Earlier this week, I reported on Kennesaw State University’s removal and conditional offer to reinstall Ruth Stanford’s project for KSU’s new Bernard A. Zuckerman Museum of Art depicting the history of writer Corra Harris’ homestead, which was gifted to the university in 2009. KSU administrators deemed the installation—which included excerpts from a magazine article by Harris in which she offers a rationalization of lynching—not “celebratory” enough for the museum’s grand opening, but KSU President Daniel Papp later stated that he was motivated by a concern that the text would offend African-Americans. As I noted on Wednesday, these concerns don’t justify this public school’s censorship of the installation on the basis of its content.
Later on Wednesday, KSU posted a statement to its website attempting once again to explain its decision to remove the exhibit. The statement plainly acknowledges that KSU administrators considered the subject matter of the installation:
The exhibit does not exist in a vacuum; it is connected to a sensitive controversy in Kennesaw State’s recent past, which remains extremely raw for many University constituents.

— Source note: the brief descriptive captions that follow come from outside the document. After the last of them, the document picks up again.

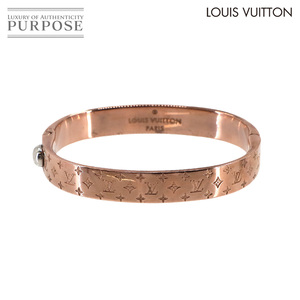 新品同様 ルイ ヴィトン LOUIS VUITTON カフ ナノグラム バングル ブレスレット ピンクゴールド M00253 アクセサリー 90233233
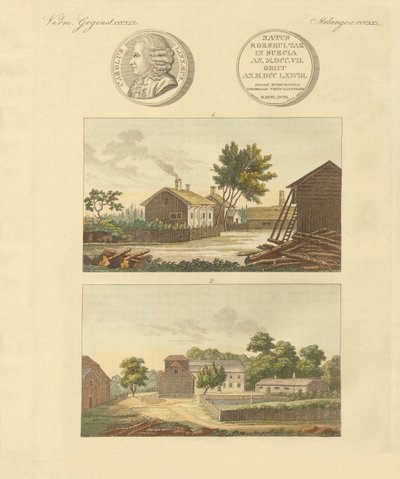 Linne lakásai (színes metszet) alkotó: German School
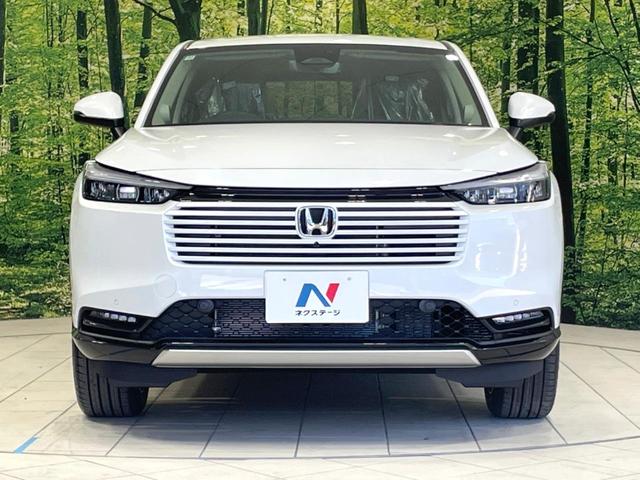 ヴェゼル e:HEV Z 登録済未使用車 全周囲カメラ 衝突被害軽減システム 電動リアゲート ハーフレザーシート ドラレコ コーナーセンサー スマートキー LEDヘッド ETC2.0 純正18インチアルミ オートハイビーム(14枚目)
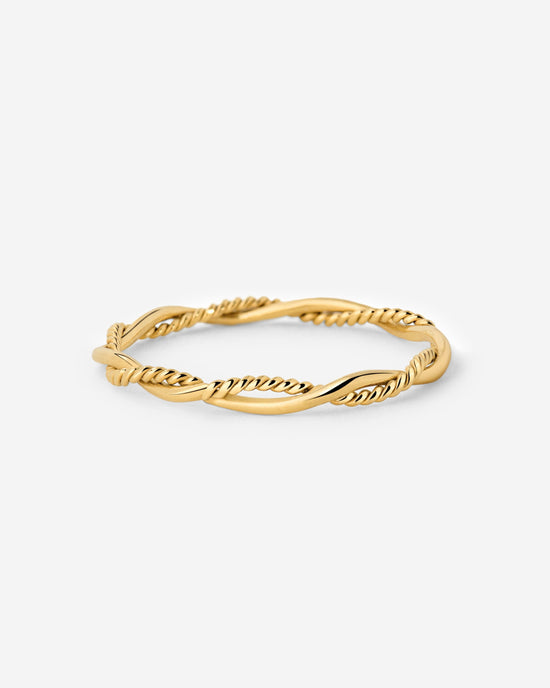 Curly Twist Anello Oro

The KSU administration further stated that “the display will be more appropriate and meaningful when both the on-campus and off-campus communities will not be surprised by revisiting this issue and can be proactively engaged in its scheduling and the development of related programming.” But visitors to a museum—particularly one at a public institution of higher education—should not be surprised to encounter an honest reflection of history, even when that history involves advocacy of ideas that are widely rejected today. Besides that, the display might be more meaningful precisely because it relates to a recent controversy, one that “remains extremely raw.” Suggesting that observers are not capable of evaluating the art on its own terms and that it must be specially packaged by the college before viewing insults the audience KSU claims to protect.
The content of the installation was pretty clearly the reason for its removal—after all, every justification offered made reference to the work’s subject matter. Nevertheless, KSU’s latest statement says:
The administration’s action was in no way a statement about the art or the subject matter with which it deals, nor was it intended to limit freedom of expression of the artist.

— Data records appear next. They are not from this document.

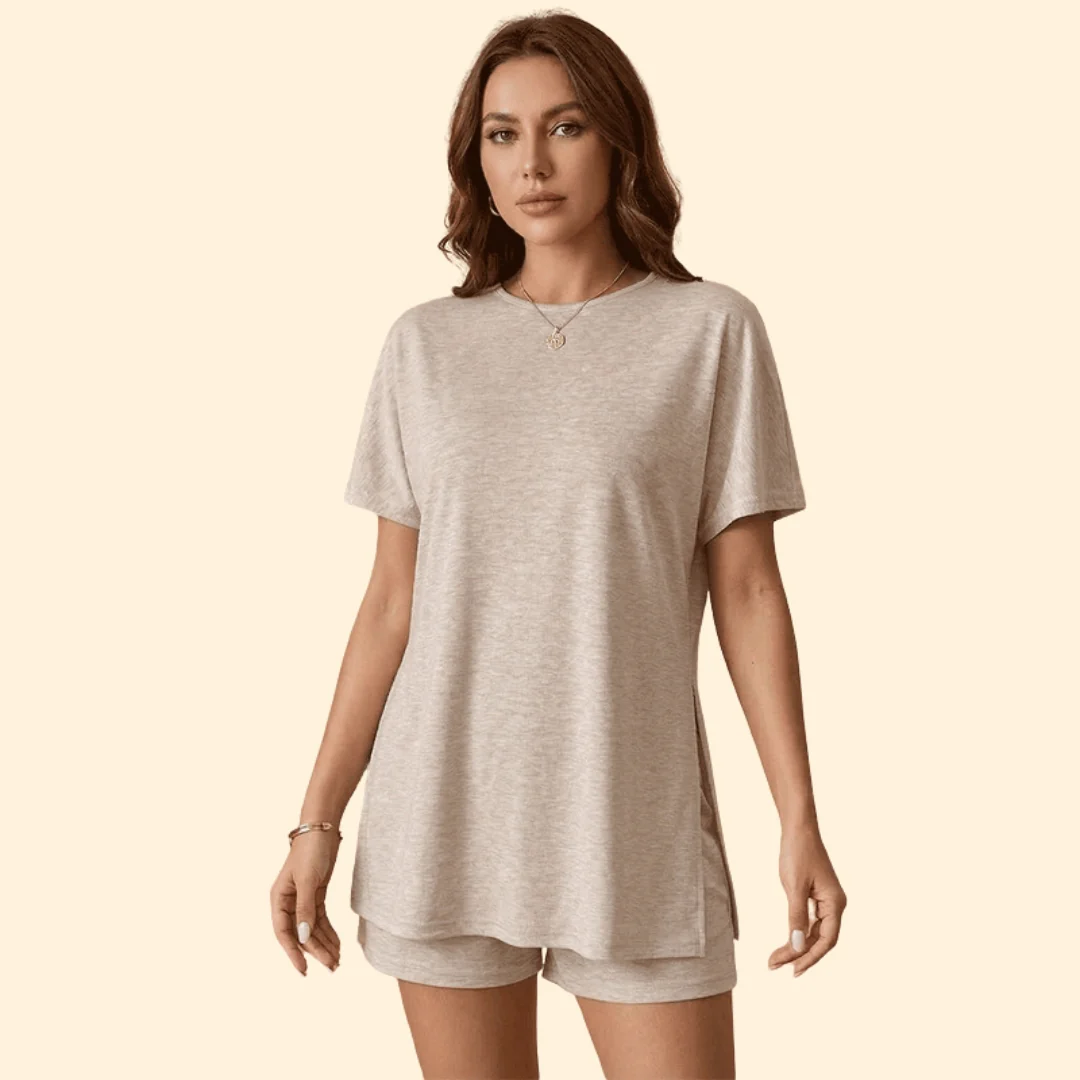 Women’s Short-Sleeve T-Shirt with Matching Shorts - Image 8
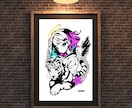 物語を感じるアートイラストを描きます あなたにとって、記憶に残る1枚を丁寧にお届けします。 イメージ3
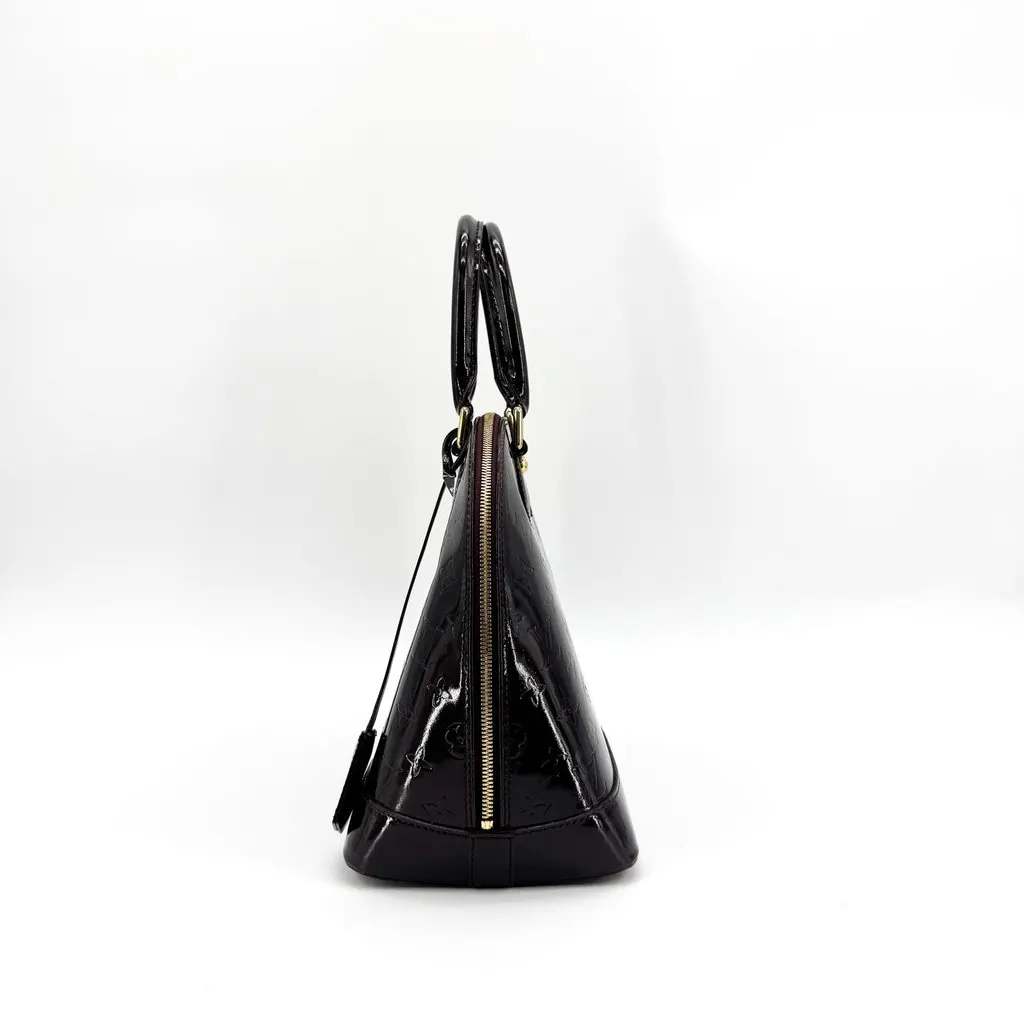 Louis Vuitton Alma PM Monogram Vernis Amarante Burgundy Leather Very good - Inside View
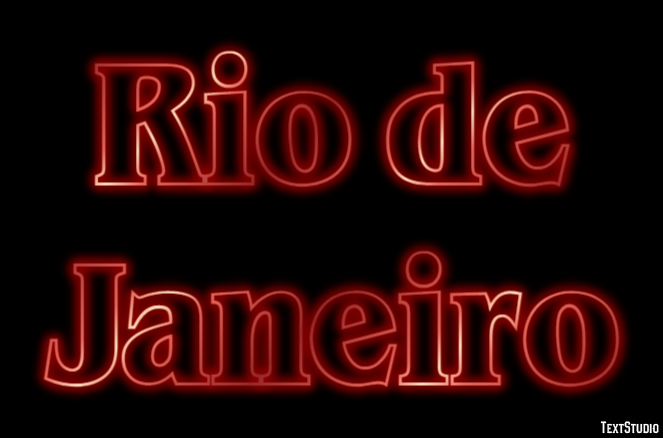 Rio de Janeiro Efekt tekstowy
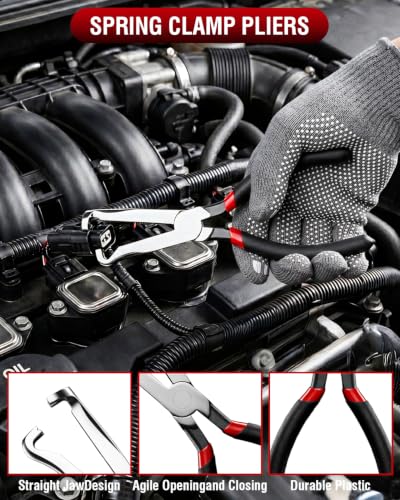 17PC Electrical Disconnect Pliers & Terminal Removal Kit for Cars - size: 17Pcs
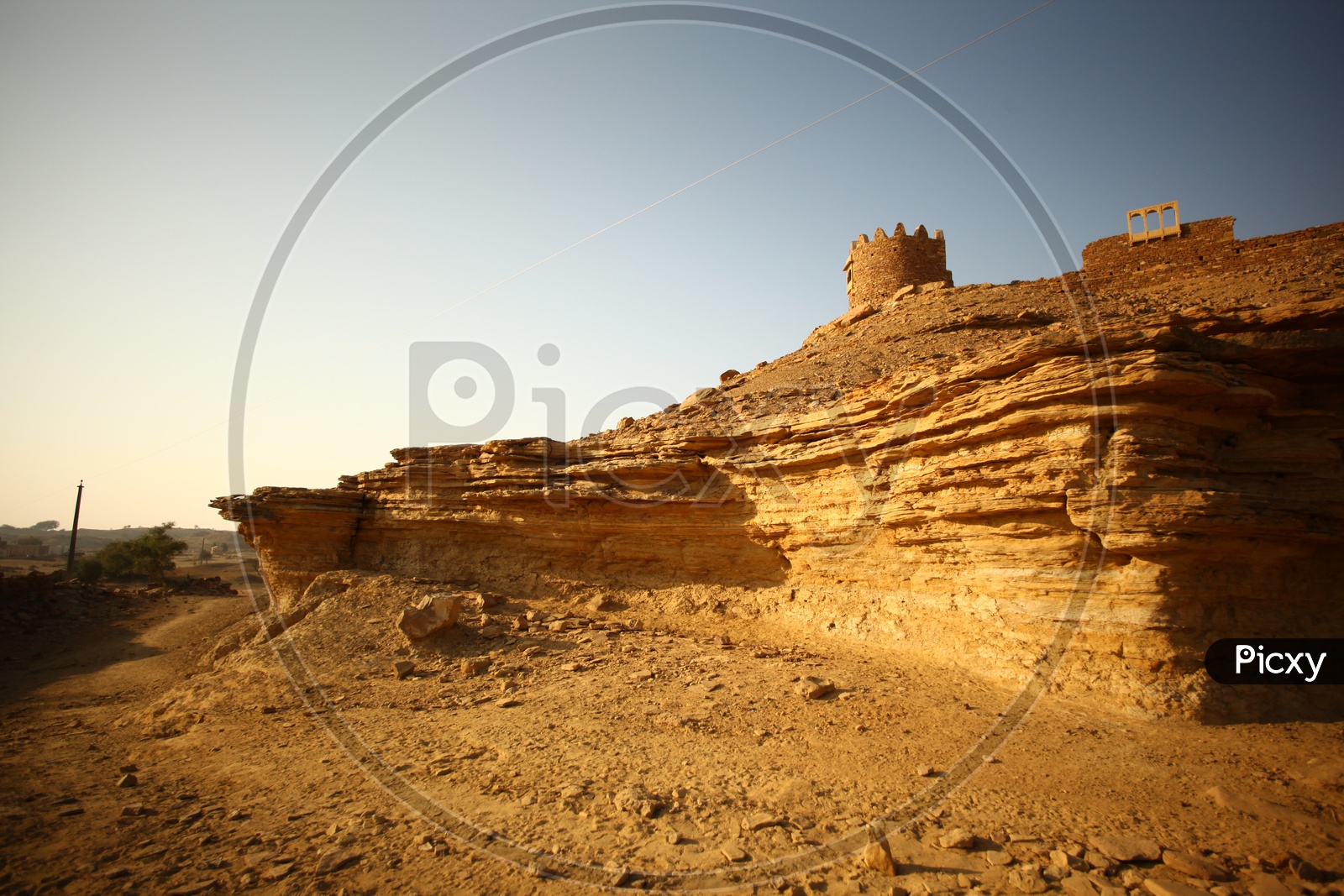 Ruins in desert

But whether KSU officials meant to convey personal objections to the speech is irrelevant. The installation was removed because of its content, specifically because of the viewpoint conveyed by Harris’ writing, as it was incorporated into the work. If schools could excuse their decisions to silence certain expression by simply claiming that content-based decisions to censor weren’t meant as “a statement about” the content, all expression would be subject to the whims of administrators, leaving nothing left of free speech rights on university campuses.
KSU should reinstall the work at Stanford’s request and as Stanford intended the installation to be displayed. KSU must also recognize that silencing artists based on the content of their work does not comport with its legal and moral obligations to uphold freedom of expression on its campus.